Short web captions:
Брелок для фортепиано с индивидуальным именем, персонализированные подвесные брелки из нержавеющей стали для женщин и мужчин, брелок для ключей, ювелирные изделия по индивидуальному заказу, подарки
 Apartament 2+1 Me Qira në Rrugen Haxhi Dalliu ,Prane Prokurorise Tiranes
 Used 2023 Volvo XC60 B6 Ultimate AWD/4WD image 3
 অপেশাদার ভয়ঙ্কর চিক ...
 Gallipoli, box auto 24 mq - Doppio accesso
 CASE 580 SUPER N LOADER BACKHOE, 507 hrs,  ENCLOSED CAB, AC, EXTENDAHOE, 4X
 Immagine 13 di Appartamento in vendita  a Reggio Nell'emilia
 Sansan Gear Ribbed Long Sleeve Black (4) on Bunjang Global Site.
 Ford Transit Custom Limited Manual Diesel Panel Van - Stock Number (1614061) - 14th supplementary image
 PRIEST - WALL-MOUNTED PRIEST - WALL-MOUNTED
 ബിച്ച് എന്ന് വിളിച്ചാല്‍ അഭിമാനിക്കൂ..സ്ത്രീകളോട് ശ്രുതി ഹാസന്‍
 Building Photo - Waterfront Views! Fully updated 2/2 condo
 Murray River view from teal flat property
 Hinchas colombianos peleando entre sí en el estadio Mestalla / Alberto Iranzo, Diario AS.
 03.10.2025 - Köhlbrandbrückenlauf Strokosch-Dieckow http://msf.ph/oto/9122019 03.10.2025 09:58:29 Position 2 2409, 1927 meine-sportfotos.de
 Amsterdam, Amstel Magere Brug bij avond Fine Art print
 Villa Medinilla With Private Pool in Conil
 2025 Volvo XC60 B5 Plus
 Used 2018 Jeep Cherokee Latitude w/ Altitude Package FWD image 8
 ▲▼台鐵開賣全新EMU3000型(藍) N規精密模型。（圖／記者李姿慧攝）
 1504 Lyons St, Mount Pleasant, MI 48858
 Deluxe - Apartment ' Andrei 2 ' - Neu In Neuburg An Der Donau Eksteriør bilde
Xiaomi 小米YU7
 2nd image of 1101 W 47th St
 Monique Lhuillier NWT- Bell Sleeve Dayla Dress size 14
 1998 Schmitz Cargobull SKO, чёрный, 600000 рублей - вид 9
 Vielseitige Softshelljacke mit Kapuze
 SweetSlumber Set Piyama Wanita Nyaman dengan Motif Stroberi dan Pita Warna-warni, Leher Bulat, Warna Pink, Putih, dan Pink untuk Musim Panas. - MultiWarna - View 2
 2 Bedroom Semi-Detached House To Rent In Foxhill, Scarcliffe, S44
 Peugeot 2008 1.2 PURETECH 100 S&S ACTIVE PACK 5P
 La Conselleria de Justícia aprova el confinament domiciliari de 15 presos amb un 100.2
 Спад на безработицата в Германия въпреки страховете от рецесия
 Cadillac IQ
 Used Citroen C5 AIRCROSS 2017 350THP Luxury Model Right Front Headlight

## ASSIGNED TASK
Find the line that contains "Xiaomi 小米YU7" in the data above. Reproduce it and every later line exactly, through the last one.

## TASK RESULT
Xiaomi 小米YU7
 2nd image of 1101 W 47th St
 Monique Lhuillier NWT- Bell Sleeve Dayla Dress size 14
 1998 Schmitz Cargobull SKO, чёрный, 600000 рублей - вид 9
 Vielseitige Softshelljacke mit Kapuze
 SweetSlumber Set Piyama Wanita Nyaman dengan Motif Stroberi dan Pita Warna-warni, Leher Bulat, Warna Pink, Putih, dan Pink untuk Musim Panas. - MultiWarna - View 2
 2 Bedroom Semi-Detached House To Rent In Foxhill, Scarcliffe, S44
 Peugeot 2008 1.2 PURETECH 100 S&S ACTIVE PACK 5P
 La Conselleria de Justícia aprova el confinament domiciliari de 15 presos amb un 100.2
 Спад на безработицата в Германия въпреки страховете от рецесия
 Cadillac IQ
 Used Citroen C5 AIRCROSS 2017 350THP Luxury Model Right Front Headlight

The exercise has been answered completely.